Появление сказок в печати сразу вызвало нападки: Никола Буало написал эпиграмму (1693) на «Ослиную Шкуру» Перро, упрекая ее в «образцовой скучности»; Дюфрени да ла Ривьер спародировал в комедии «Феи, или Сказки матушки Гусыни» (1697) избитые волшебные мотивы, обращение к «низкой», народной культуре, разговорному стилю; его поддержал Данкур комедией «Феи» (1699). Полемический трактат «Беседы о волшебных сказках и других нынешних сочинениях, призванные уберечь от дурного вкуса» (1699) выпустил аббат Пьер де Вилье.

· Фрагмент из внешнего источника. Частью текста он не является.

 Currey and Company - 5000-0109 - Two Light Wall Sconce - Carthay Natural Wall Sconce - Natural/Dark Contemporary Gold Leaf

Авторы выступили в защиту избранного ими жанра в предуведомлениях, посвящениях и посланиях. Для обретения прав литературного «гражданства» сказке надо было найти хорошую родословную: д'Онуа ссылалась на восточную традицию, Леритье — на произведения трубадуров, Перро обращался к античности, но при этом доказывал, что «сказки, сочиненные нашими предками для своих детей», хотя и менее изящны, но зато более нравственны. Для маститого академика новый жанр — очередной аргумент в споре о древних и новых, доказывающий превосходство национальной культуры. Он предлагал черпать волшебные элементы из фольклора, отказаться от античной мифологии, осмеянной им в «Параллели между древними и новыми» (1688–1697).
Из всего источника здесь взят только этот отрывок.